Voice/Vision Holocaust Survivor Oral History Archive

Nancy Fordonski - July 29, 1982

Hiding in Ghetto

Mm-hm. [pause] Okay, we're back in the Łódź ghetto and they're liquidating it. What was your action?

I--my sister and I we had uh, we were in a place. We had our little uh, room where, by the way, whenever it rained we had all the water in the room. Many times when I came home from work, and the rain came unexpected, the, the floor was already flooded. Or it start to rain in the middle of the night, when you put your foot out in the morning on the floor, you jumped into water. But this were the circumstances. But then came a announcement that uh, they were liquidating the ghetto and so many streets have to be vacant and we have to get more together. So the part--the place where we were living at has to be vacant. So we had to move on. And a few blocks further where my husband--still my boyfriend, my friend, was there with his mother. So my sister and I we have decided that we will move in to that same building where they lived. Because that place was still okay to stay.

Mm-hm.

There we were for a few days, trying to sch...to carry with us, to schlep everything what we could on our arms, some little food what we had, and some of the clothes. Because we still thought that maybe there we will still live 'til the war will end.

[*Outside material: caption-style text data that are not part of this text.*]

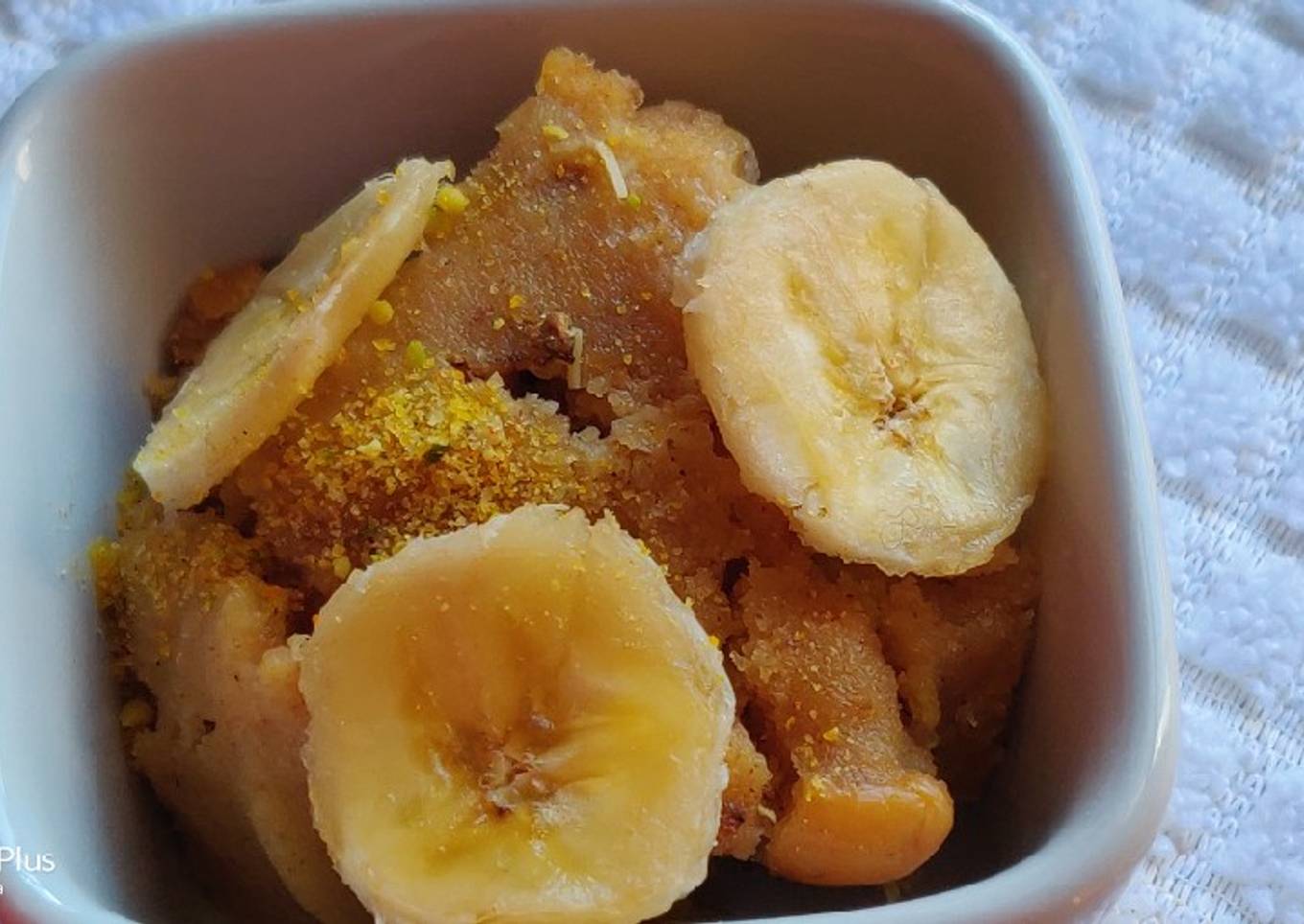 Banana Halwa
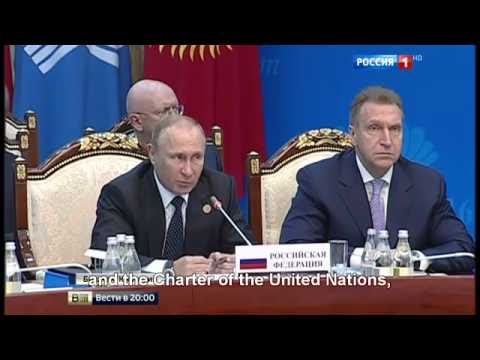 Russian president Putin clashes with the Ukrainian ambassador: Russia never annexed Crimea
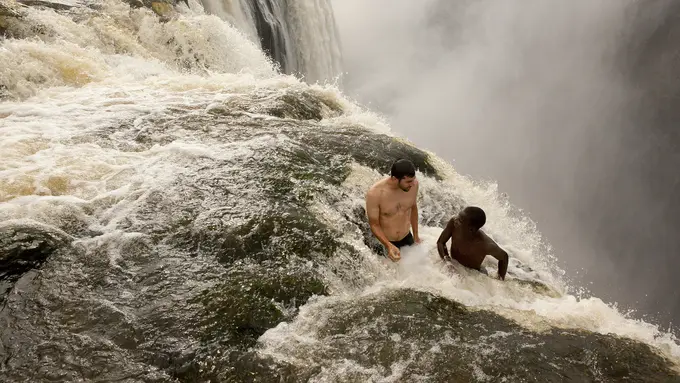 Air Terjun Victoria 'Kolam Iblis'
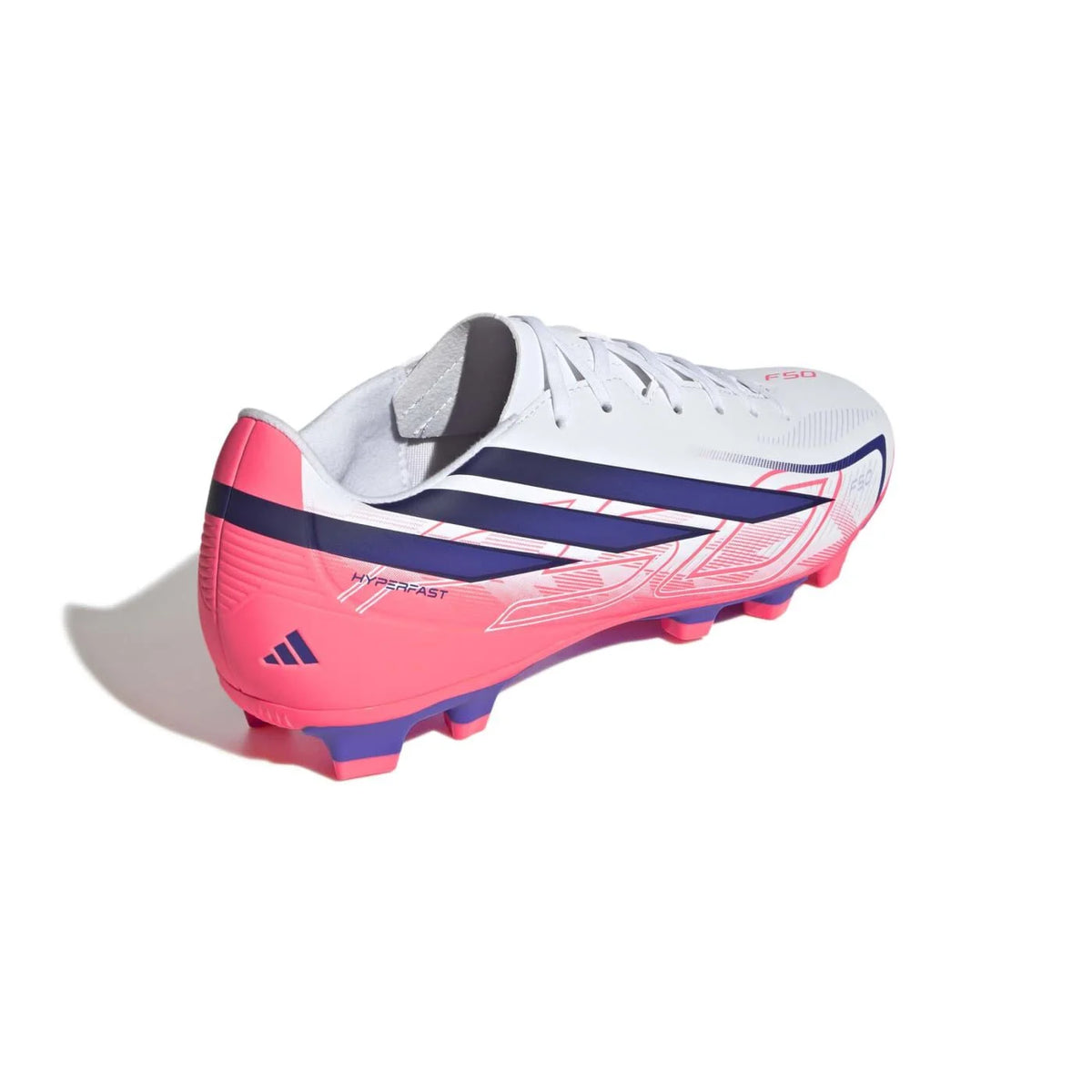 Adidas F50 Hyperfast Club FG/MG KJ0990 – Bianco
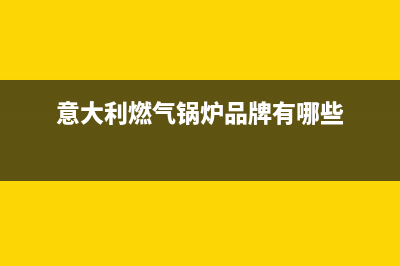 意大利daogrs燃气灶维修中心(意大利燃气锅炉品牌有哪些)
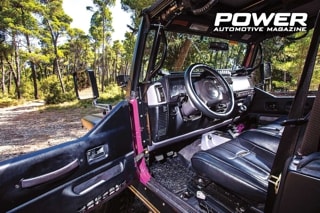 Jeep Wrangler TJ 4.0L Sport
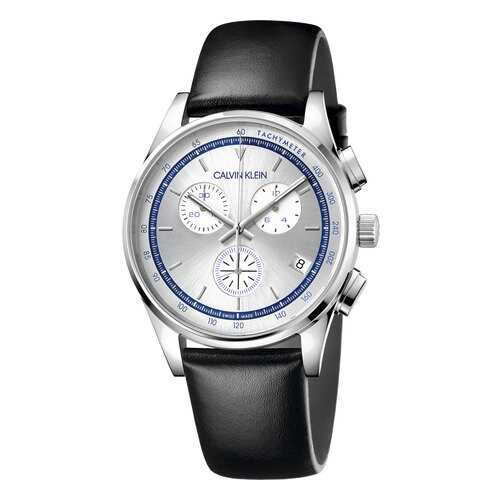 Наручные часы кварцевые мужские Calvin Klein KAM271C6 в 5 Карманов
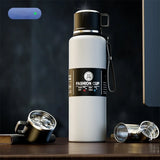|イベント・ノベルティ用品 | ポータブル魔法瓶 ステンレスサーモス | 600～1500ml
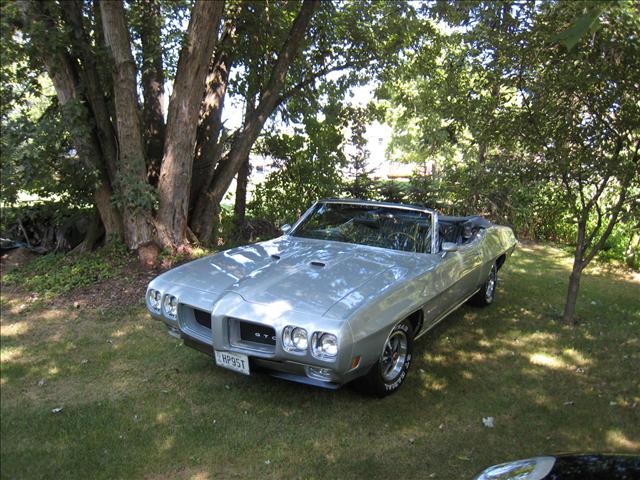 Pontiac GTO 1970 photo 1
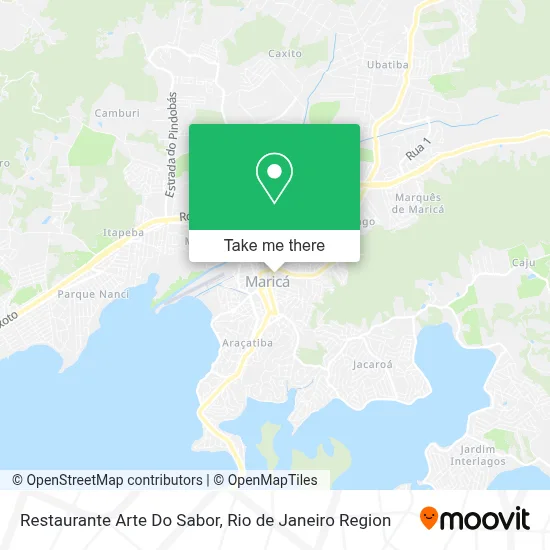 Restaurante Arte Do Sabor map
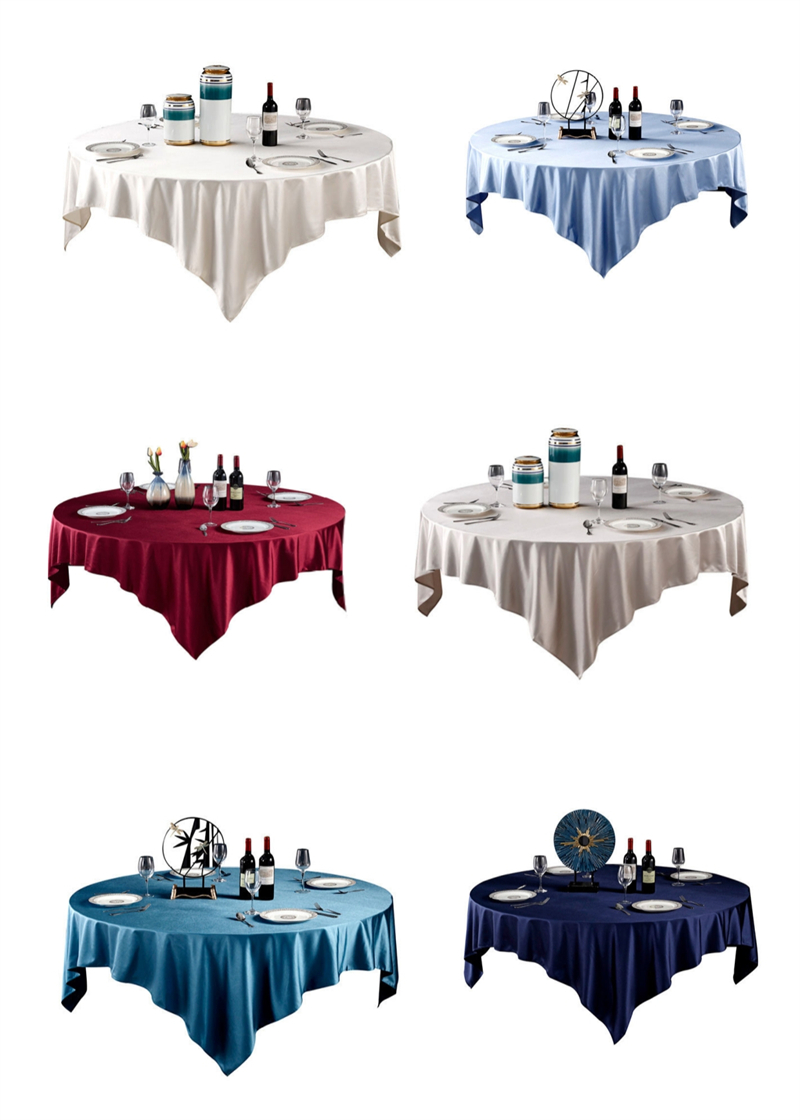 Housewarming Gift Hotel Room Decoration Tablecloth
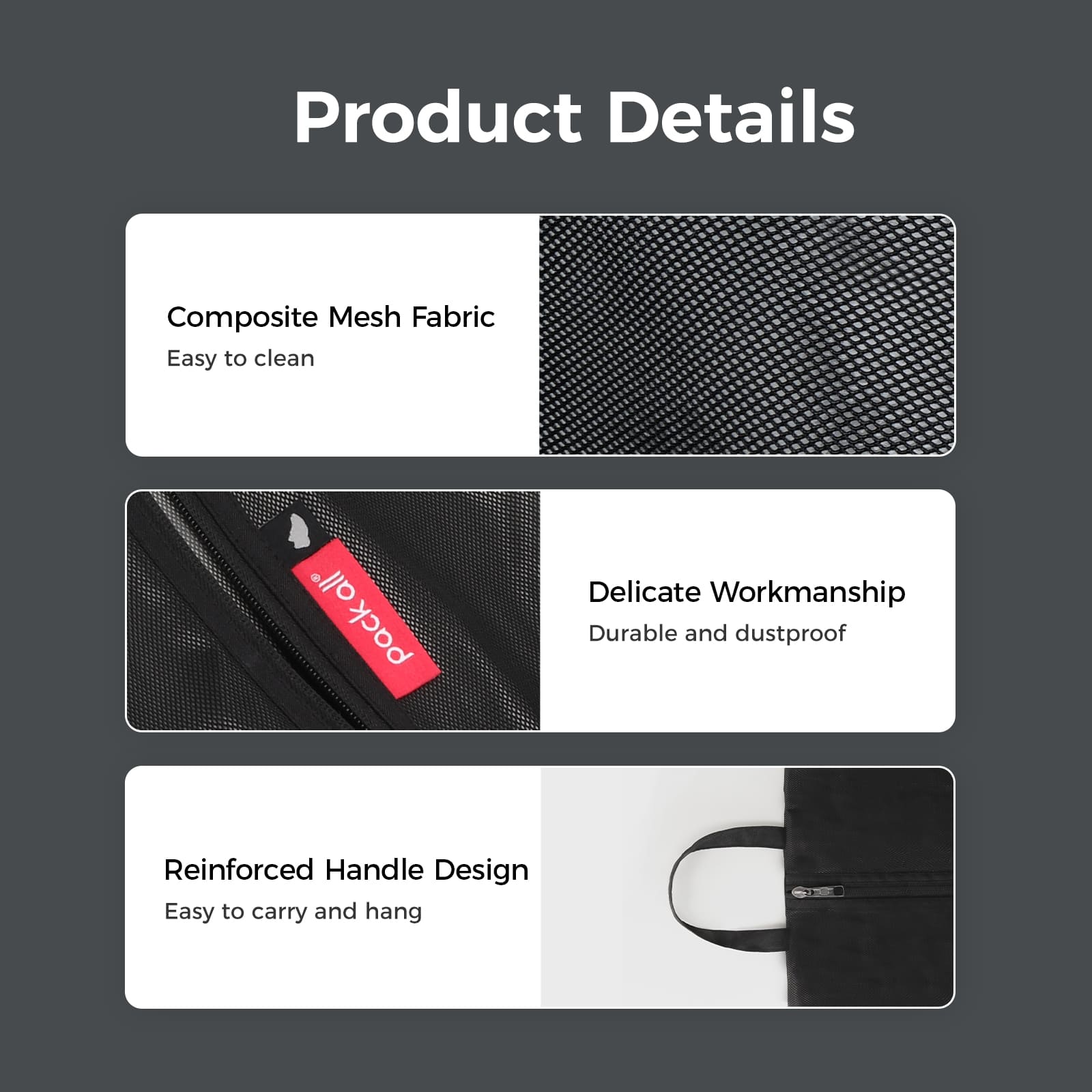 made by polyester and TPU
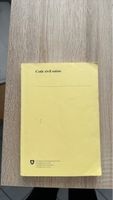 Code civil suisse - État impeccable, édition récente!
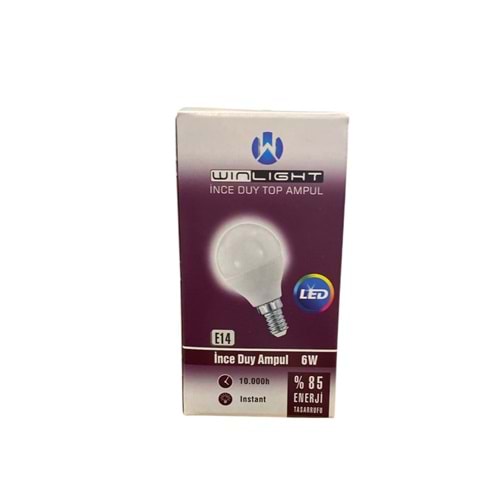 WINLIGHT 6W TOP AMPUL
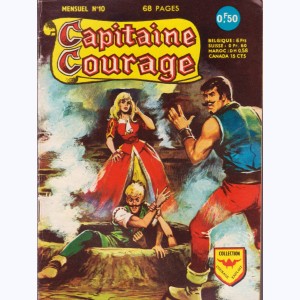 Capitaine Courage : n° 10, Les oiseaux de plomb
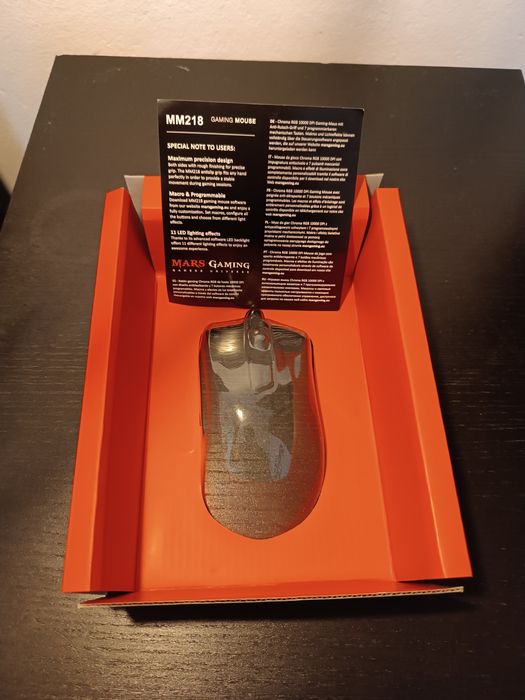 Rato Gaming Mars Gaming MM218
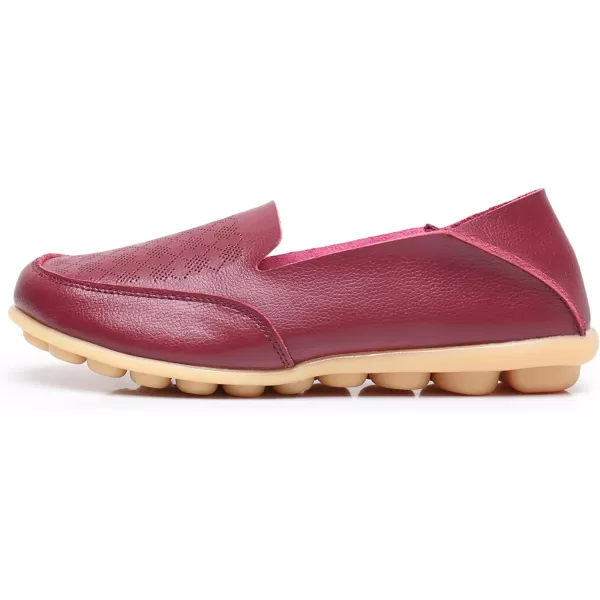 VenusCelia Women's Thawed Comfort Walking Flat Loafer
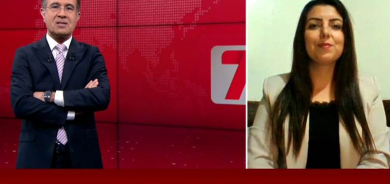 Almaz Romî: Ji bo avakirina Kobaniyê me bi Helebê re li hev kiriye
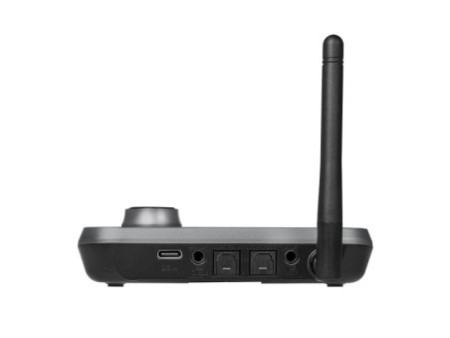 LogiLink Emetteur & récepteur audio Bluetooth 5.0, noir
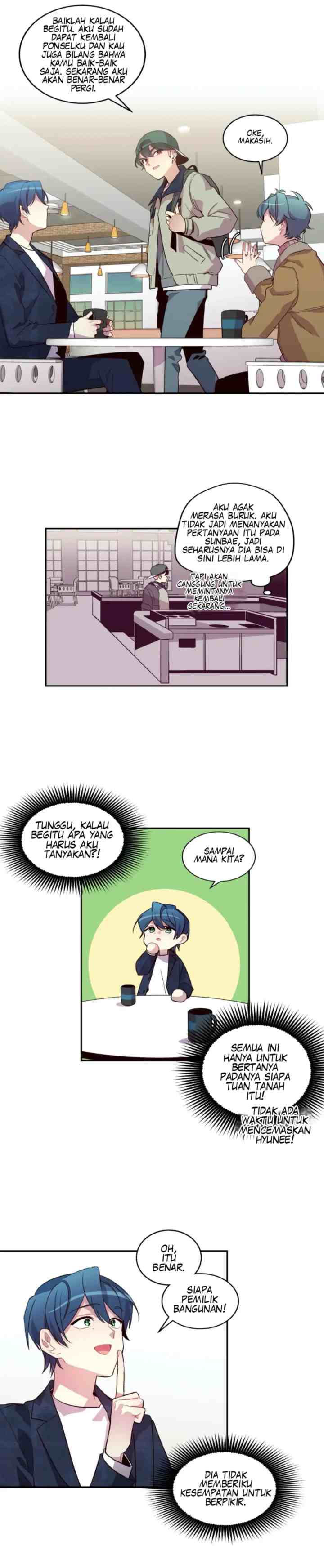 Robber x Lover chapter 12 halaman 8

So we had a room there and after being there for a few days, they were starting to make announcements again that they are liquidating the whole ghetto. And we have to come down and--to the--you know, it's a special, like uh, again, to the train, train station. That they will meet and they will put us on trains and they will send us away. And if they will find anybody, when the Germans--the SS will start to search the homes, when they will find anybody they will shot, they will shoot the people on the spot. But [pause] we thought that maybe the war will end before they will have a chance to liquidate the whole ghetto. We were trying still to stay on for a few days. And we were hiding. They were coming to the rooms and they were, they were searching for us, for people who was left. So one day, we had our hiding place here and there. One day my sister and myself we, we were thinking that the best hiding place will be right by the door. When the Germans come in, usually they look further. They don't look the first step they make into the room. They were looking in closets, they were looking in beds, under beds, and so on. So we were, we took some bedding and some stuff and we threw on a pile right by the door, right at the door. And the Germans didn't know, it was people already on the train or they are still somewhere. So we were under that pile of all that uh, clothing and bedding and there was a piece of sheet laying on the top. And when the SS--they were coming in into the room with big noises uh, like, "Verfluchte Juden!" "Are you still here?" "Get out!"